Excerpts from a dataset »

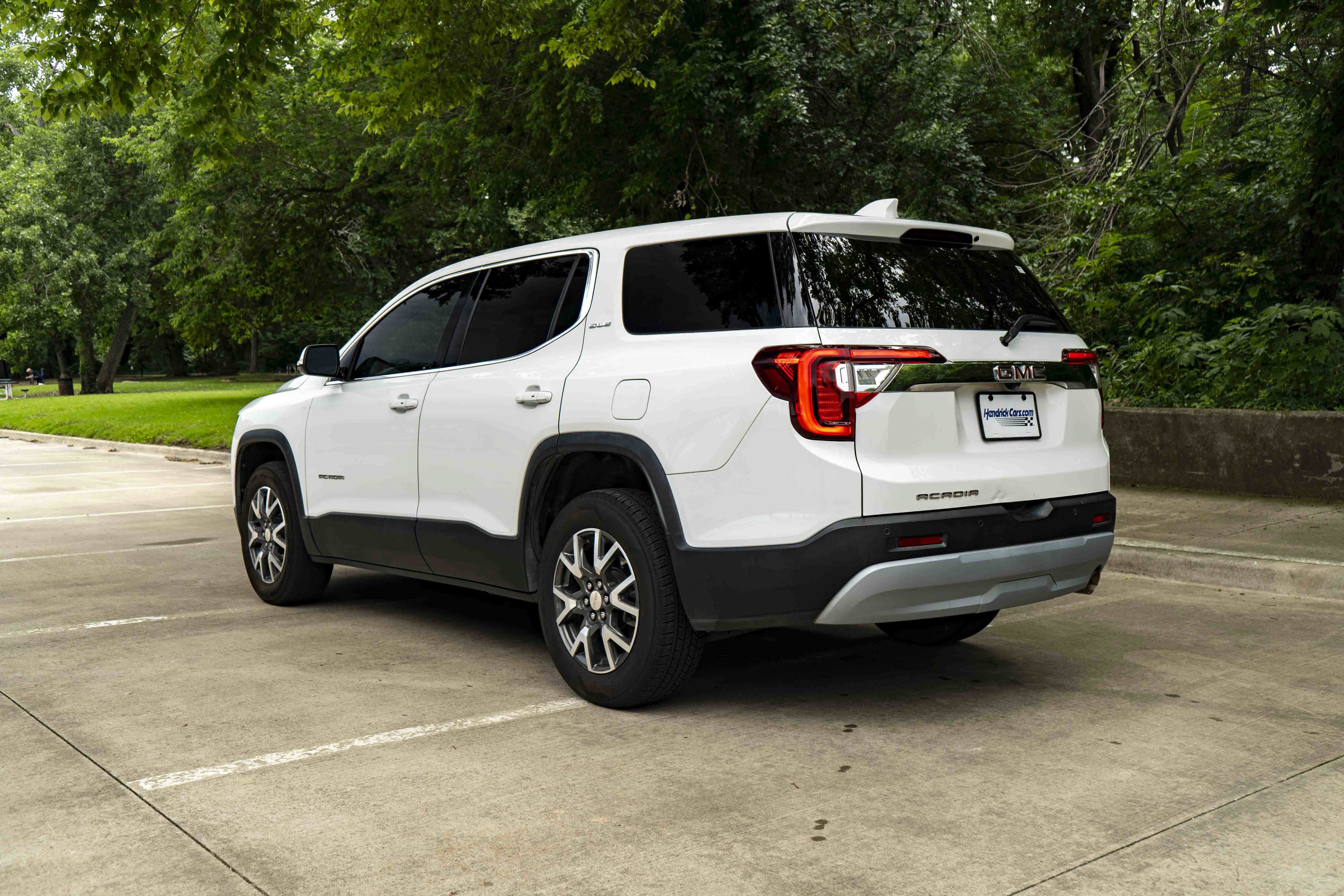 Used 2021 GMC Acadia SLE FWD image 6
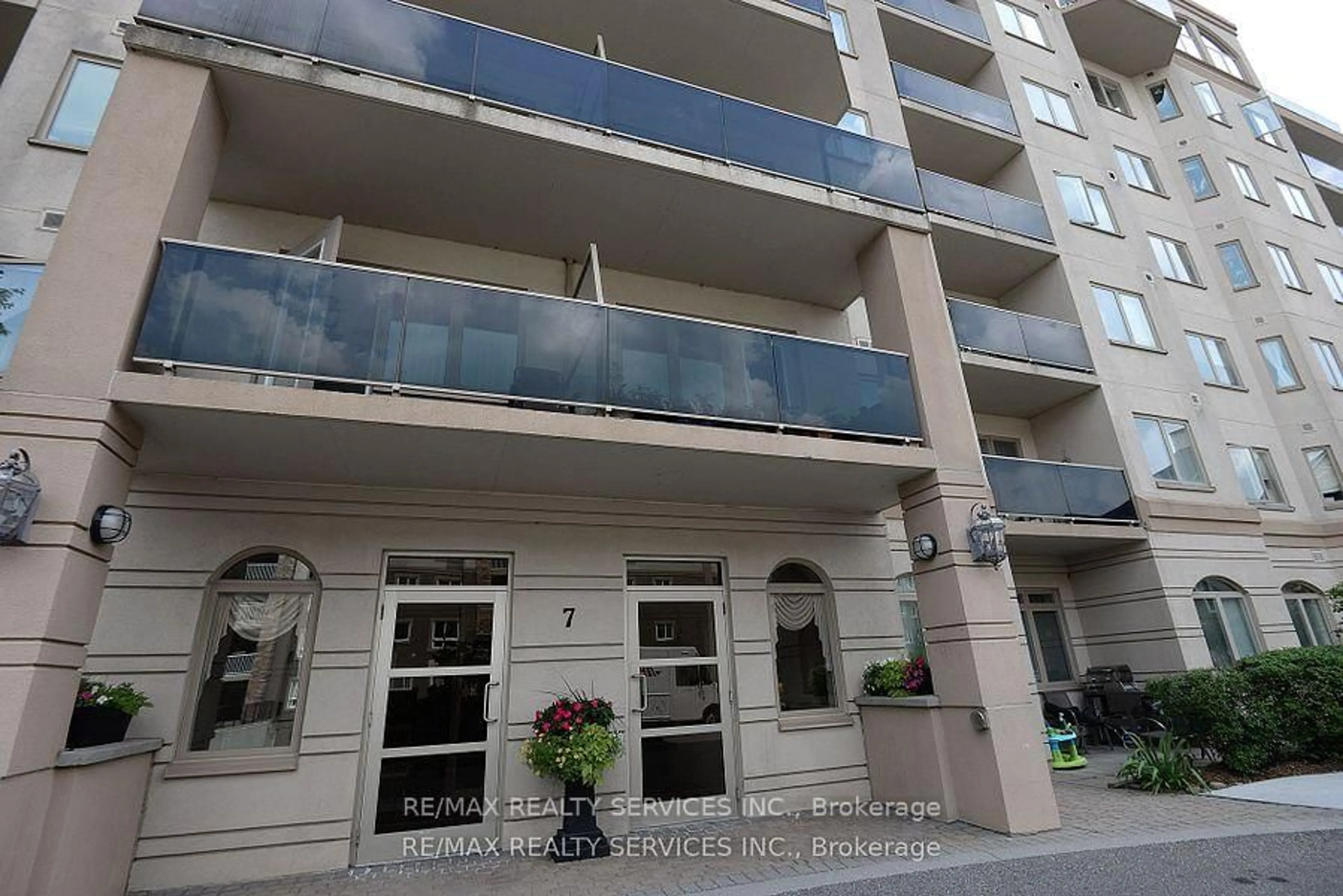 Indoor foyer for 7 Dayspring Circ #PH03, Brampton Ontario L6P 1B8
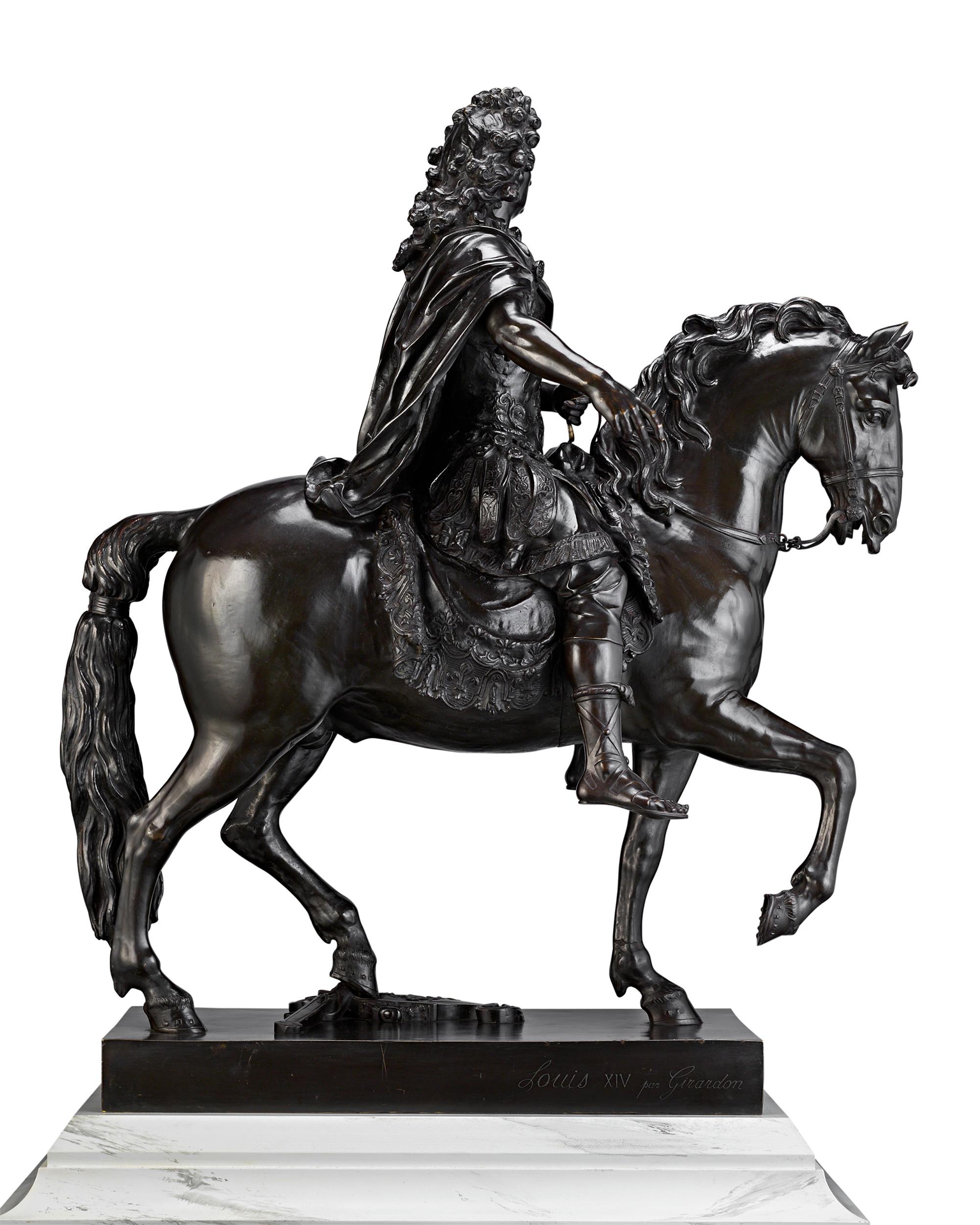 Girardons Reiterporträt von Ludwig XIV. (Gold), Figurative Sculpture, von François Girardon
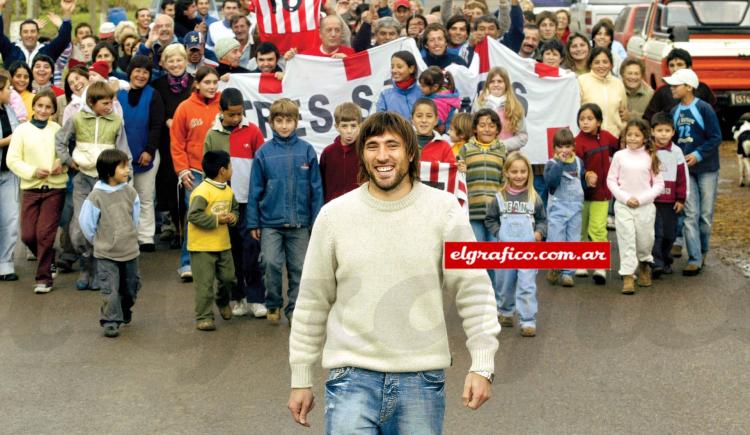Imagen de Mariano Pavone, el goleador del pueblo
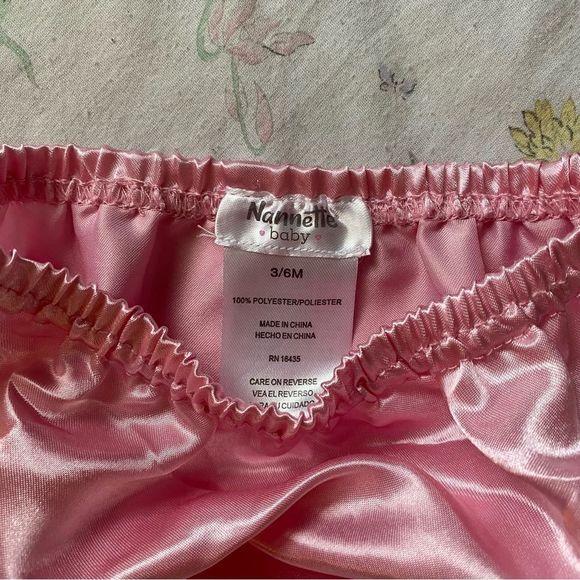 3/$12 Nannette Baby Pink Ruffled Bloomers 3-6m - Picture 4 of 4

...

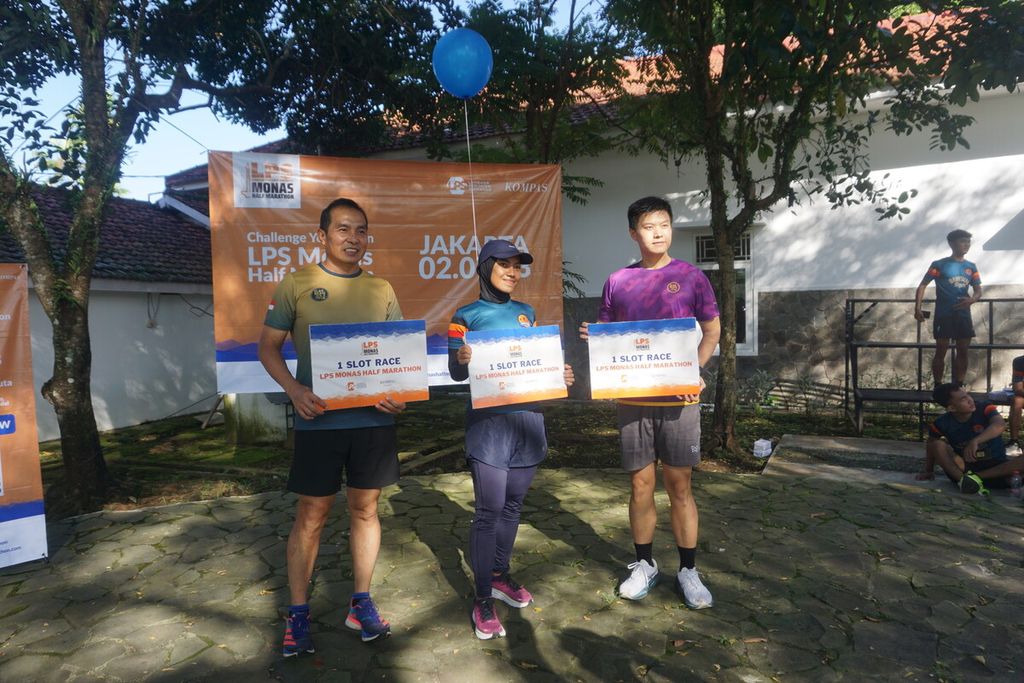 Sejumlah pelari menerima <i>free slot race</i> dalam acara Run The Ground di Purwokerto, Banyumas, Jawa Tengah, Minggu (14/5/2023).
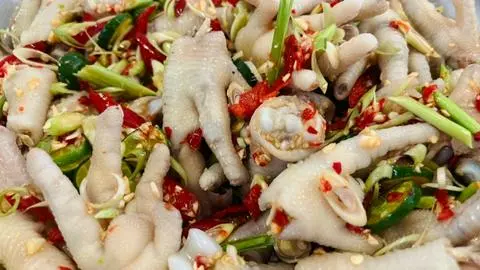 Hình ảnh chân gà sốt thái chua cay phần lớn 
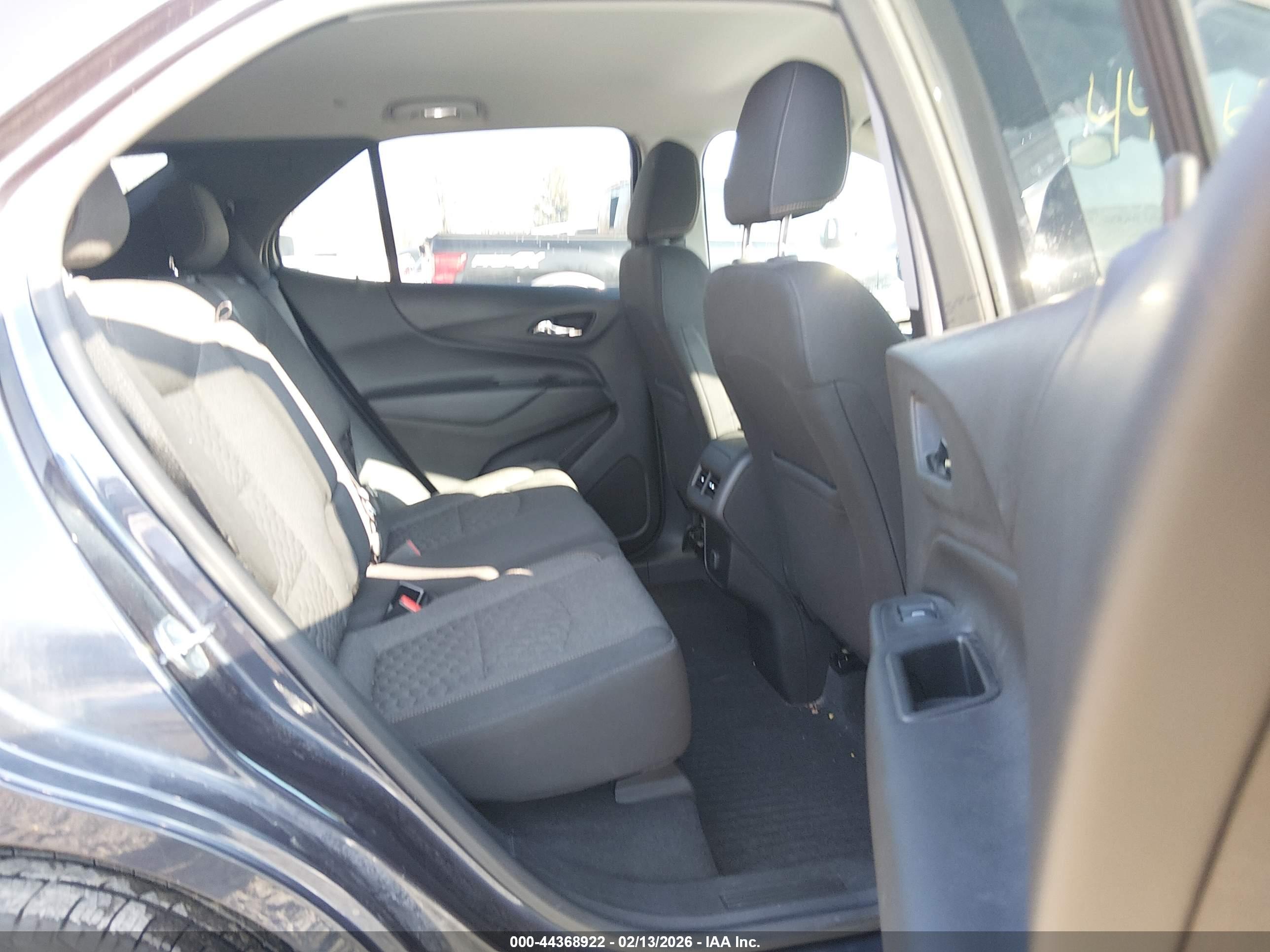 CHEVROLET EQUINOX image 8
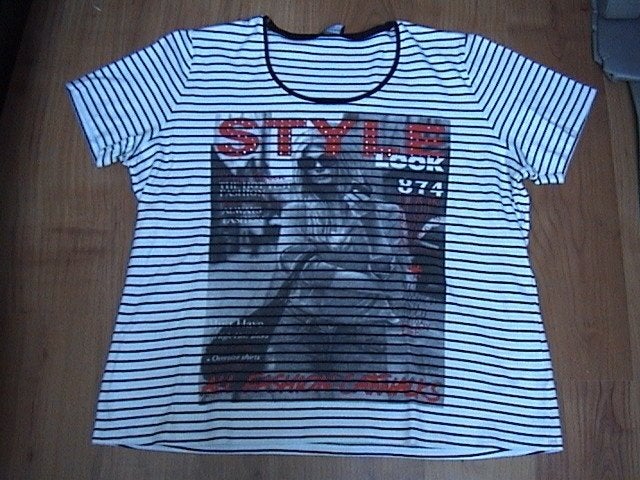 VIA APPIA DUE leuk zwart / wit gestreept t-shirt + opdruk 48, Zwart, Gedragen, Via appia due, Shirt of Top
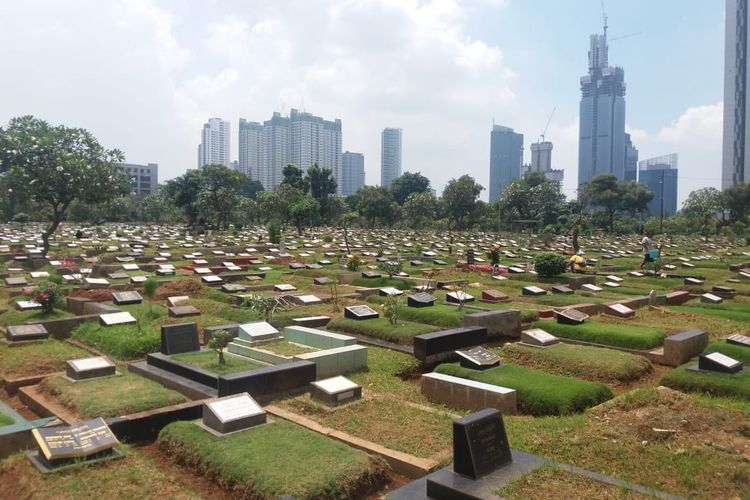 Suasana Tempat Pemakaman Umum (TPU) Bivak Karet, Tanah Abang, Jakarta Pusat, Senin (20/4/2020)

...

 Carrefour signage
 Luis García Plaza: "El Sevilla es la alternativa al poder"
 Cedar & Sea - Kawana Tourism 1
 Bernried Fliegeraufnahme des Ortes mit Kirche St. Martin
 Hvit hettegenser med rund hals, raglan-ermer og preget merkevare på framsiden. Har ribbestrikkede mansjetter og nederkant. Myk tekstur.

Problem to work on »
What is needed is an exact copy of only the lines above from the one with "Used 2021 GMC Acadia SLE FWD image 6" to the one with "3/$12 Nannette Baby Pink", both kept, with every picture left out.

Answer space »
 Used 2021 GMC Acadia SLE FWD image 6
 Indoor foyer for 7 Dayspring Circ #PH03, Brampton Ontario L6P 1B8
 Girardons Reiterporträt von Ludwig XIV. (Gold), Figurative Sculpture, von François Girardon
Imagen de Mariano Pavone, el goleador del pueblo
 3/$12 Nannette Baby Pink Ruffled Bloomers 3-6m - Picture 4 of 4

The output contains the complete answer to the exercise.